THE IMMIGRATION ACTS

 

 

Heard at Glasgow

Decision and Reasons Promulgated

On 21 March 2018

On 26 March 2018

 

 

 

Before

 

UPPER TRIBUNAL JUDGE MACLEMAN

 

 

Between

 

THE SECRETARY OF STATE FOR THE HOME DEPARTMENT

Appellant

and

 

J A

(anonymity direction made)

Respondent

 

 

Representation:

For the Appellant: Mrs M O'Brien, Senior Home Office Presenting Officer

For the Respondent: Miss K Stein, Advocate, instructed by MT UK, Solicitors, Twickenham

 

 

DETERMINATION AND REASONS

1.              The parties are as above, but for continuity the rest of this decision refers to them as they were in the FtT.

2.              The SSHD's decision dated 18 July 2017 is structured thus:

Immigration history;

Criminal history;

Legal context - articles 8 (1) and (2) ECHR, immigration rules ¶A362, A398 - 399D, 2002 Act part 5A;

Evidence submitted by appellant;

Offending considered to have caused serious harm, therefore deportation required under ¶398, subject to exceptions under 399 and 399A;

Family and private life - wife and 5 children, all UK citizens;

Duty on best interests of children under s. 55 2002 Act;

¶399(a) - genuine and subsisting parental relationship accepted; not accepted 2 younger children would have difficulty adapting to Pakistan; accepted unduly harsh to expect 3 older children to live in Pakistan; not accepted unduly harsh for any of the children to remain in the UK without appellant;

¶399(b) - genuine and subsisting family life with wife accepted; relationship not formed while appellant in UK, but in Pakistan; not unduly harsh for wife to live in Pakistan if she chose, due to both having extensive family ties there; not unduly harsh for wife to remain in UK without appellant;

¶399A, private life - appellant not lawfully resident most of his life; not socially and culturally integrated; no very significant obstacles to integration into Pakistan;

No exceptions to deportation therefore apply;

No very compelling circumstances, over and above the exceptions; offending as taxi driver against two young lone females under influence of alcohol; no acceptance of responsibility; medium risk of reconviction; nothing to outweigh the public interest in deportation.

3.              The appellant's grounds of appeal to the UT disagree on undue harshness and assert that the children's best interests would be to remain in the UK with both parents; the public interest is "not as strong as in most deportation cases"; although the offences were serious, the sentence was "relatively low"; the history is "not that of a prolific offender"; he is not liable for "automatic deportation" because his sentence was not in excess of 12 months; the public interest is important but not a trump card.

4.              FtT Judge Kempton allowed the appellant's appeal by a decision promulgated on 24 November 2017.

5.              The SSHD has permission to appeal to the UT on 2 grounds.

6.              Ground 1 is that the judge misdirected herself by placing undue weight on rehabilitation above more pressing aspects of the public interest such as deterrence and public abhorrence.

7.              Ground 2 is that the judge failed to identify any unduly harsh circumstances to outweigh the public interest in deportation - nothing beyond separation and emotional upset, and no compelling circumstances.

8.              Mrs O'Brien relied upon the grounds and made further submissions.
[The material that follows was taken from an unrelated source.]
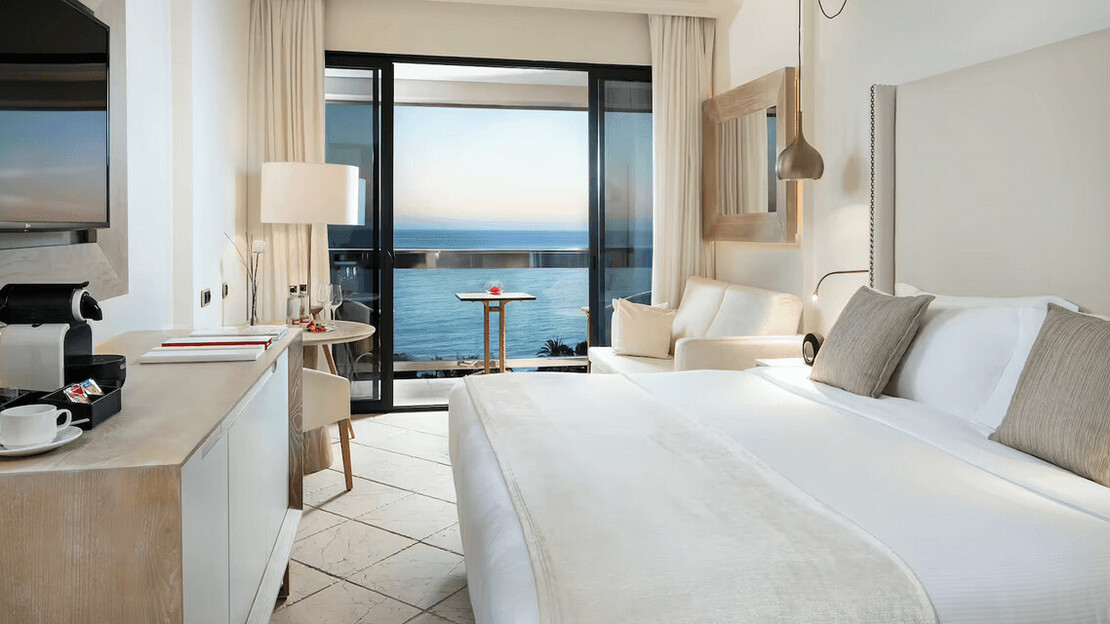 RedLevel Ocean Junior Suite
The points I noted were these:

(i)             The judge took too narrow a view of the nature of the public interest and how it could be diminished.
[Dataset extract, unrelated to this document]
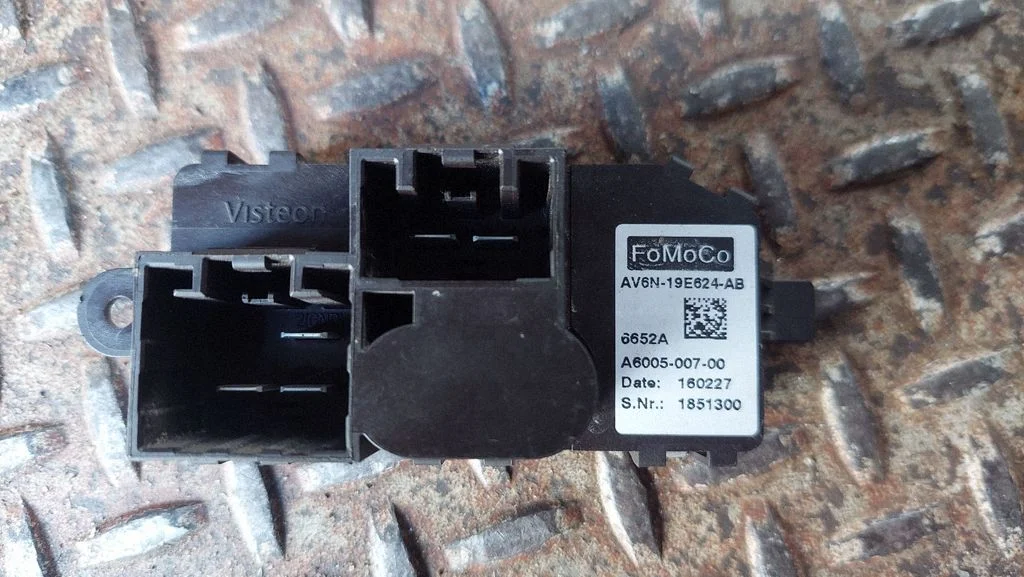 Heater blower motor/fan resistor – Ford Transit Custom (2013-2023)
(ii)          Although the decision set out the legal scheme of deportation, its critical parts showed misunderstanding of it. At ¶34 - 35, the judge thought that the appellant had to show that both the family and the private life exceptions applied, when those are alternatives.

(iii)        The respondent's decision was based on ¶398 (c) of the rules, offending which had caused serious harm, and which had involved breach of trust. The judge failed to appreciate the nature of the offending, and the evidence before her which reflected no change in the appellant's attitudes, shown by non-acceptance of guilt.
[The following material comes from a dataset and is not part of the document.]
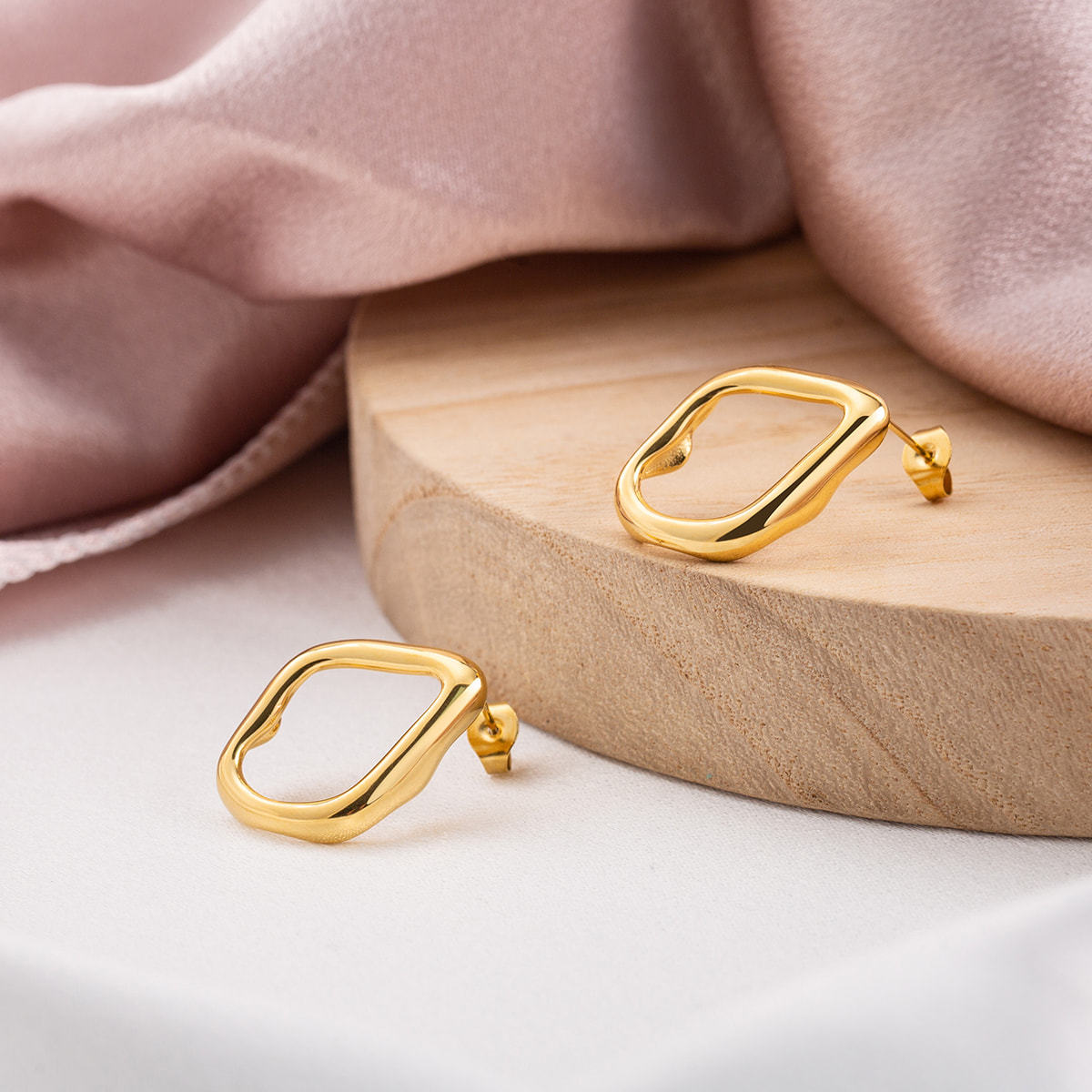18K Gold Plated Stainless Steel Stud Earrings for Women, Unique Irregular Open Geometric Shape Dainty Fashion Jewelry Gifts, Hypoallergenic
(iv)        At ¶38 - 42 the judge looked at the matter almost entirely in terms of accepting rehabilitation, which became her principal reason for allowing the appeal, when that was inconsistent with the evidence and her own findings.

(v)           ¶40, "requires to become rehabilitated and to avoid such opportunistic circumstances again", was contrary to not in favour of effective rehabilitation.

(vi)        ¶41, no risk "as long as he is not put into circumstances where he could take advantage of vulnerable females", similarly went against the appellant not in his favour.

(vii)      Such reasoning as there was did not support the conclusion at ¶41 that the appellant had learned from his mistakes and his behaviour was unlikely to be repeated.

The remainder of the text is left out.